To refer to formal and stylish dress standards as dressing
"professionally" is an interesting tactic. I'm sure that some of the
best software engineers (who command six-figure incomes and produce
great products) cannot be considered "professional" because they
choose not to dress like salespersons or attorneys. The same is true
of technical communicators.

Here, the people who create products dress as they please. Those that
wear they ties are probably here to service the equipment.

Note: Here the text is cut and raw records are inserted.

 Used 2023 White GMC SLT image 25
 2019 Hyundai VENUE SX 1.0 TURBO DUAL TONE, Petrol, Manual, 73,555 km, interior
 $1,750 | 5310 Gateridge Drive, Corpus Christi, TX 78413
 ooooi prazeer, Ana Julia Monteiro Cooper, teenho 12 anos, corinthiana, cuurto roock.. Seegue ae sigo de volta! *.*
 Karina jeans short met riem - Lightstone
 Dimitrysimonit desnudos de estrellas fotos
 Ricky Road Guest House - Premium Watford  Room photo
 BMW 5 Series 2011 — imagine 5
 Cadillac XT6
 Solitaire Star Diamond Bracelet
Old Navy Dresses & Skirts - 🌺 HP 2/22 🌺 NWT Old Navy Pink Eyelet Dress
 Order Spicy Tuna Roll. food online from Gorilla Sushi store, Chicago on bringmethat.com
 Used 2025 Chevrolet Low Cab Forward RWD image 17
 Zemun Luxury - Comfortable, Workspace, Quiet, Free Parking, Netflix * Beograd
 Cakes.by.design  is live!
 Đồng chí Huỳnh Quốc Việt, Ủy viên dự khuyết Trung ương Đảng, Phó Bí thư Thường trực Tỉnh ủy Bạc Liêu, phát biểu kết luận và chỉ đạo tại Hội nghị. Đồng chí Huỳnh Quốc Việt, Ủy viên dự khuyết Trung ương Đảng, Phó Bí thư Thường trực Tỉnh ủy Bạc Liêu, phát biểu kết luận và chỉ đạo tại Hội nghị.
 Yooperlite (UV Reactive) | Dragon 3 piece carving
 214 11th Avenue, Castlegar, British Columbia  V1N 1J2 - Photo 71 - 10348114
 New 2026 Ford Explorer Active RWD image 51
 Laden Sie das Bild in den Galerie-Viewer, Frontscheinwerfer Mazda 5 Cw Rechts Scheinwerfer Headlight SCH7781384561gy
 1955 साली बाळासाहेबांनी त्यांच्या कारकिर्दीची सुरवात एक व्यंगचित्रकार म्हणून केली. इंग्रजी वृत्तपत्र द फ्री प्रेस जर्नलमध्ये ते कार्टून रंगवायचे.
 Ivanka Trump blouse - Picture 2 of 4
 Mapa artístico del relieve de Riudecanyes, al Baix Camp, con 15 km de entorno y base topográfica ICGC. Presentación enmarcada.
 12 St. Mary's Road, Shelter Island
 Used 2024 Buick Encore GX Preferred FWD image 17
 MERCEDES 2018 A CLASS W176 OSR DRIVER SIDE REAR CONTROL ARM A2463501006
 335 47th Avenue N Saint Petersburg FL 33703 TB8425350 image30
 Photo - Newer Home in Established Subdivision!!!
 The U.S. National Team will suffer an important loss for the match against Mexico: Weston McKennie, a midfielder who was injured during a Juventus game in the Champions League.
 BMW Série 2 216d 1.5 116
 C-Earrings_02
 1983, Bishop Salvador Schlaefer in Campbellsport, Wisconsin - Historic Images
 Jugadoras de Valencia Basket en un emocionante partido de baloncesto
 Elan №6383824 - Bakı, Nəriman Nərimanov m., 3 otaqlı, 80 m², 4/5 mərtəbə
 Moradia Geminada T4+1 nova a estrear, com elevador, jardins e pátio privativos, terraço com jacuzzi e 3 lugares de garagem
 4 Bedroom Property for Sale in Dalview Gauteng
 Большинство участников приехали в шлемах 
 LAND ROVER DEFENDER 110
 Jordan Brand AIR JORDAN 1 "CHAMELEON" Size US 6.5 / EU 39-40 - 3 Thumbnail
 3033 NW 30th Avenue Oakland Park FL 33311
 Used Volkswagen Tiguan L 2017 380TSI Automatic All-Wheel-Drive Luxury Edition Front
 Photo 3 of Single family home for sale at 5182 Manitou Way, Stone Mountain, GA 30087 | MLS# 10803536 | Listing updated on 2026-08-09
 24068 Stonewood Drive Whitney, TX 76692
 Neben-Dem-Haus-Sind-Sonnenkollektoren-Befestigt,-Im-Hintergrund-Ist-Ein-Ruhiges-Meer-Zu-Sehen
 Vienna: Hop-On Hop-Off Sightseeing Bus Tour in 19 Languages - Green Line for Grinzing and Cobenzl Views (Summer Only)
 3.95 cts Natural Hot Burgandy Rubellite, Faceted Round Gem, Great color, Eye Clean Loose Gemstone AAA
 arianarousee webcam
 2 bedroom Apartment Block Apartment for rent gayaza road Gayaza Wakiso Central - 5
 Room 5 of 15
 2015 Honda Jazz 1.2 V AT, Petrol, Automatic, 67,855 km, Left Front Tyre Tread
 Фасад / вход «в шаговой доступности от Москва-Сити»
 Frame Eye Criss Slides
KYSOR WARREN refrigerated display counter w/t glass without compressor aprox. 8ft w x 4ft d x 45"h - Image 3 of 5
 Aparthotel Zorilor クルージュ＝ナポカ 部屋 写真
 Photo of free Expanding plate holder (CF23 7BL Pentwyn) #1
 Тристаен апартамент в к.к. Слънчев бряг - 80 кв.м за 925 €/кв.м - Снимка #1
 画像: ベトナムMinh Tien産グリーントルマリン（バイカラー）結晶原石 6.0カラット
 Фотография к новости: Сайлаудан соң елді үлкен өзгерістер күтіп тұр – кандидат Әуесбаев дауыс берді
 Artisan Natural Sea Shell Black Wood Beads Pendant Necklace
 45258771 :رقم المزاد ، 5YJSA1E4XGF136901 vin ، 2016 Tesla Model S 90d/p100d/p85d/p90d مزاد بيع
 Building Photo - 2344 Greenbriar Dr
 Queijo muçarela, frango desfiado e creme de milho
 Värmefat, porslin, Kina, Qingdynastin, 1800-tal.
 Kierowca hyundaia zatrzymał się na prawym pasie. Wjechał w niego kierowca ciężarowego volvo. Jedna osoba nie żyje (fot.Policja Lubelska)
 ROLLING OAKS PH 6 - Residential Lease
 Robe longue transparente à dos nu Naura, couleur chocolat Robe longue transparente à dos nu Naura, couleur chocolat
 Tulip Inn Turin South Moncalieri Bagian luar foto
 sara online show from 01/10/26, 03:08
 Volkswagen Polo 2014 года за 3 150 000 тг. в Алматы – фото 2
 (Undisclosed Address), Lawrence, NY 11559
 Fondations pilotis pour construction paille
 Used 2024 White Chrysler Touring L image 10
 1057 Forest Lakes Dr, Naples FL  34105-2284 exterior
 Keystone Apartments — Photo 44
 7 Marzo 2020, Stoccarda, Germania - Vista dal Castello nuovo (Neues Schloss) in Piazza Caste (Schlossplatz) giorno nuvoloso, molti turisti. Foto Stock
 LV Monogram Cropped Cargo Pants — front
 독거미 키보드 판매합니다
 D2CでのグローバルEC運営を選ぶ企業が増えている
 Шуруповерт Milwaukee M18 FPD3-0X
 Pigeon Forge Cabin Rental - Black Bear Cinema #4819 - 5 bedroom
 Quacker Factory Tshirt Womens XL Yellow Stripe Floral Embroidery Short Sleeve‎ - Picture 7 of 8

While presented rather harshly, my point is simply that styles of
dress vary by industry and region. In some regions, salaried
employees wear ties to show that they are not union laborers. In
others, women are forced to wear only dresses and suits, regardless of
the weather or working conditions.

Annecdote time: A few years ago, while managing a small contract
shop, we got a call from one of the big three auto companies to rescue
of development effort that was in deep trouble. Their staff of
be-suited hardware/software/docs "professionals" had spend 2 years on
a critical project and there was no apparent progress. They called us
in, gave us an incredible deadline, and paid an equally incredible
fee. Our job was to do in 120 days what their staff had been unable
to accomplish in 2+ years - our team of 8 was to do what the staff of
40+ had not been able to do.

We had cots set up in a side room, had caterers show up 3 times per
day, and had a "gopher" doing nothing but picking up laundry,
toothbrushes, and other routine tasks, so that we could all devote our
attention to the job at hand. There was a six-figure bonus if we
accomplished the goal, so these incidental expenses were relatively

Half-way through the project, a vice president of engineering stopped
by to see how things were going. He saw programmers walking around
without shoes and a tech writer wearing a tie dyed T-shirt, and pulled
me aside. He pointed to the company engineers with their suits and
ties and asked me if I noticed any difference between them and the
folks I had brought in for this job. I told him the guys in the suits
looked bored. He looked frustrated and pointed out the style of
dress. He told me that he wanted my crew to do their jobs, but to
look like the engineering staff that couldn't handle it.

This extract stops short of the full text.